## Required work
The first line of the entries and each line after it, through the one that contains "TEN-DSG500-639 ディズニー 自由を感じて…（アラジン） 500ピース", are to be duplicated exactly; no picture belongs in the copy.

Short text fragments from websites
---*---

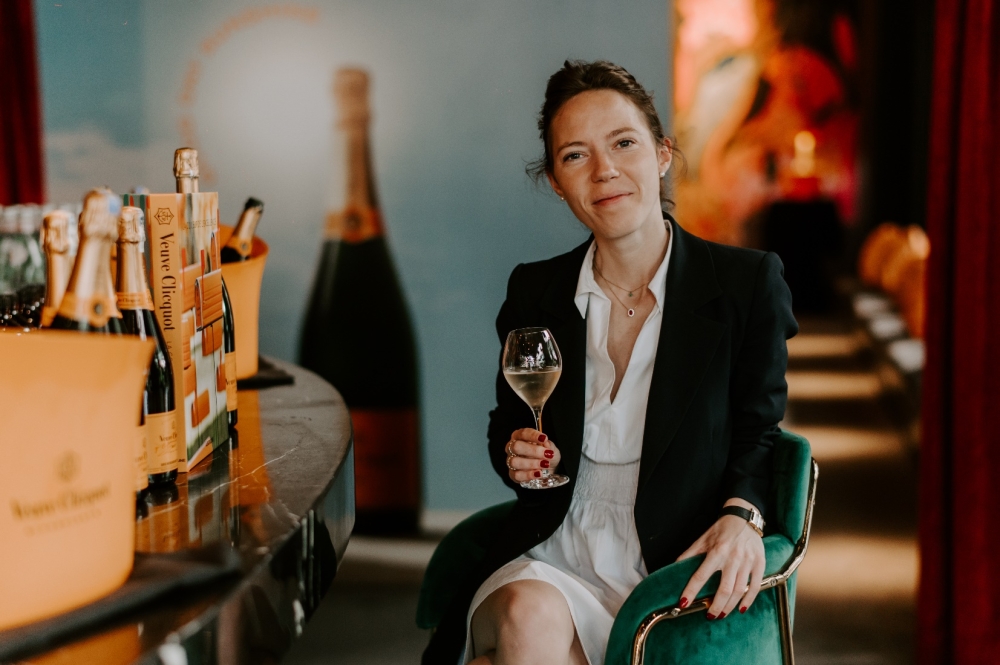 On her first visit to Malaysia, Charlemagne was the guest of honour at a special luncheon held at Beta KL — Picture courtesy of Veuve Clicquot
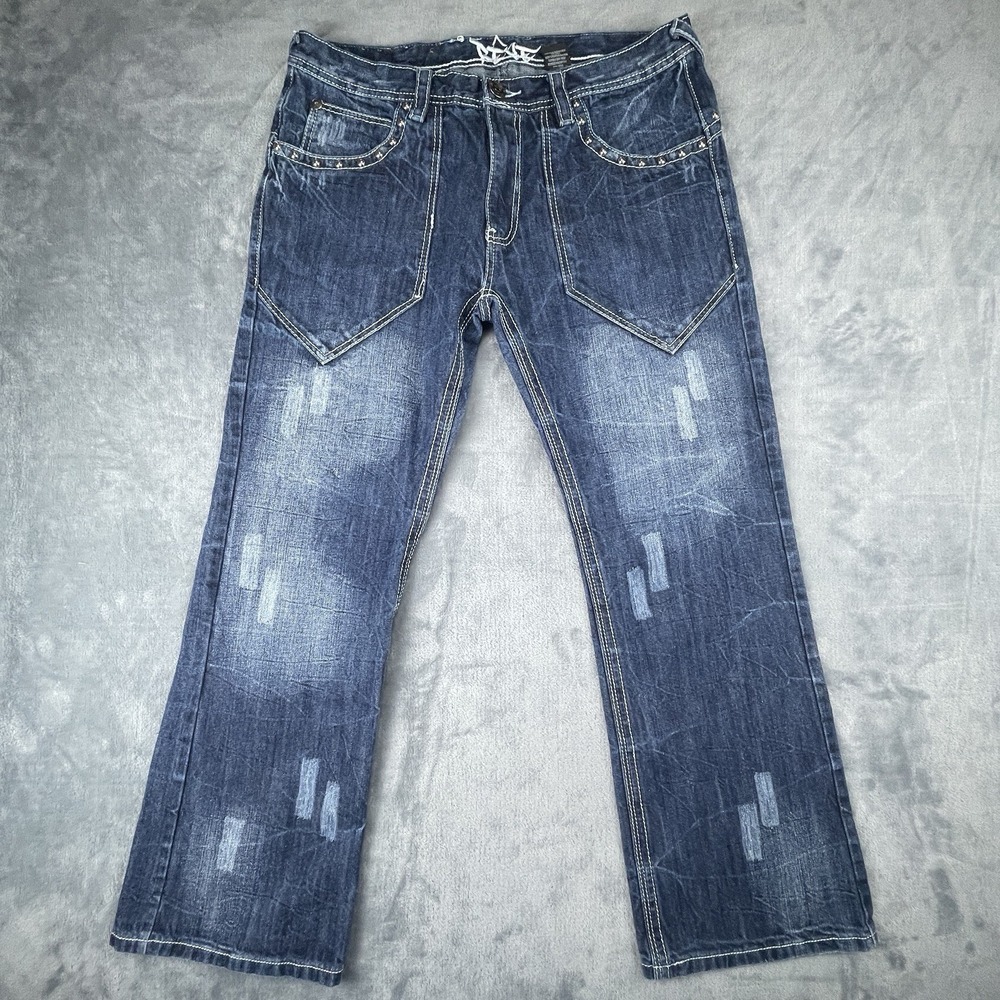 Reve Jeans Men's 38x32 Y2K Style Excellent Condition
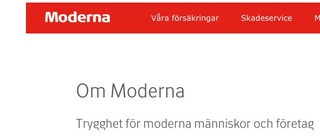 Modernas svar: ”Vi kommer att titta på detta framöver”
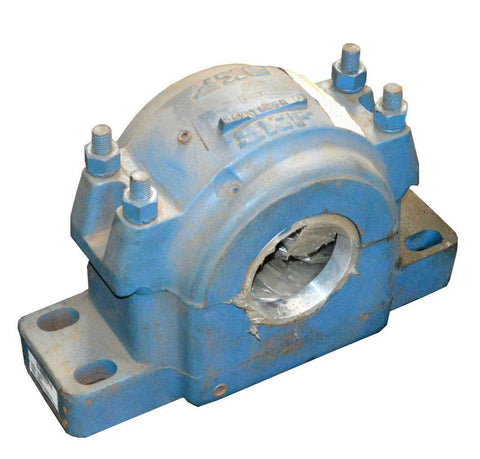 NEW SKF SAF 526N PILLOW BLOCK BEARING HOUSING 4-BOLT SPLIT 4.5" (2 AVAILABLE)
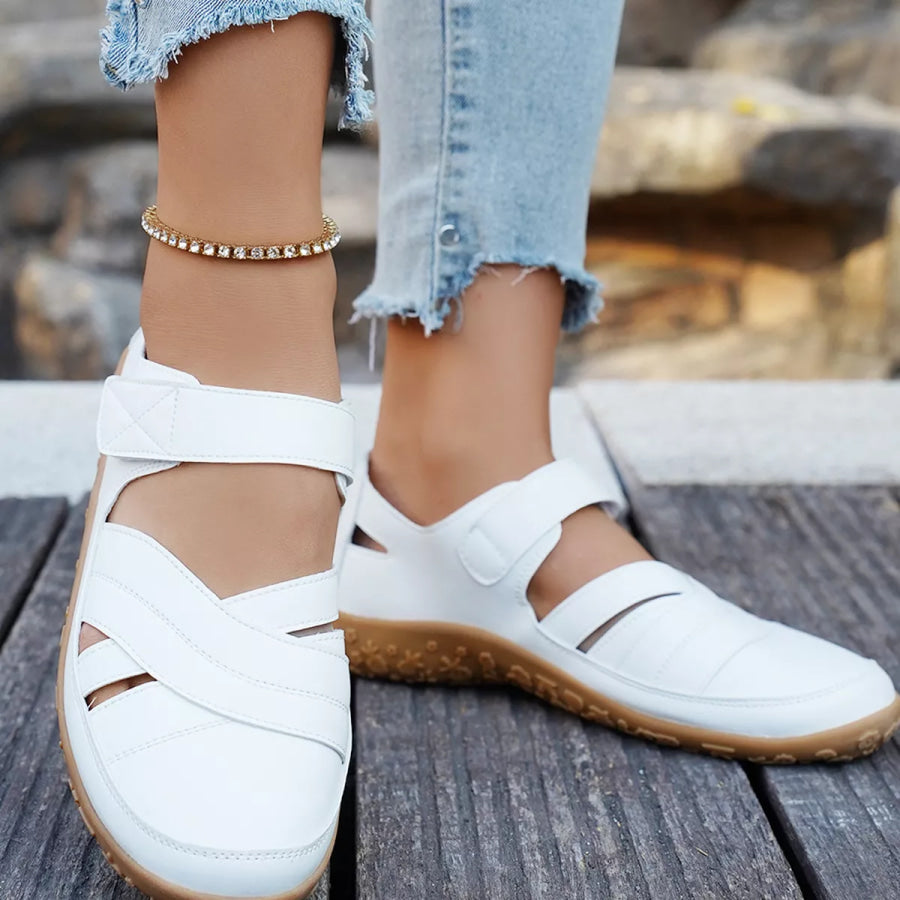 Casual Velcro Slip-Ons Apparel and Accessories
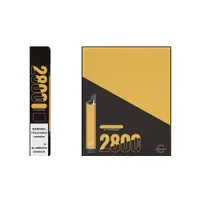Originele balken Flex 2800 Hits Wegwerp vape pen e sigaretten 2800 puffs bar 850 mAh batterij voorgevuld 8 ml Vaporizer 20 kleuren Instock Elektonik Sigara Zooy Ecig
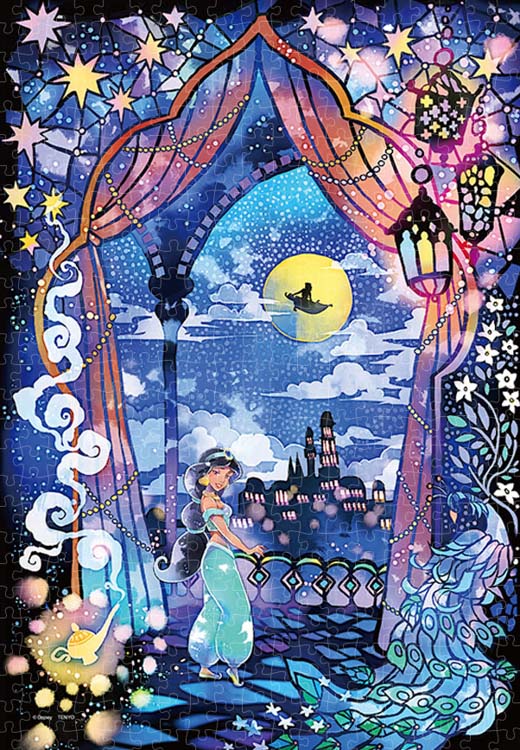 TEN-DSG500-639 ディズニー 自由を感じて…（アラジン） 500ピース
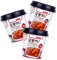 Yopokki - Lot de 3 gâteaux de riz dans un gobelet - Gâteau de riz instantané coréen Sweet & Spicy - 3 x 140 g - OG ASIA - 420 g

---*---

## Task answer
 On her first visit to Malaysia, Charlemagne was the guest of honour at a special luncheon held at Beta KL — Picture courtesy of Veuve Clicquot
 Reve Jeans Men's 38x32 Y2K Style Excellent Condition
 Modernas svar: ”Vi kommer att titta på detta framöver”
 NEW SKF SAF 526N PILLOW BLOCK BEARING HOUSING 4-BOLT SPLIT 4.5" (2 AVAILABLE)
 Casual Velcro Slip-Ons Apparel and Accessories
Originele balken Flex 2800 Hits Wegwerp vape pen e sigaretten 2800 puffs bar 850 mAh batterij voorgevuld 8 ml Vaporizer 20 kleuren Instock Elektonik Sigara Zooy Ecig
 TEN-DSG500-639 ディズニー 自由を感じて…（アラジン） 500ピース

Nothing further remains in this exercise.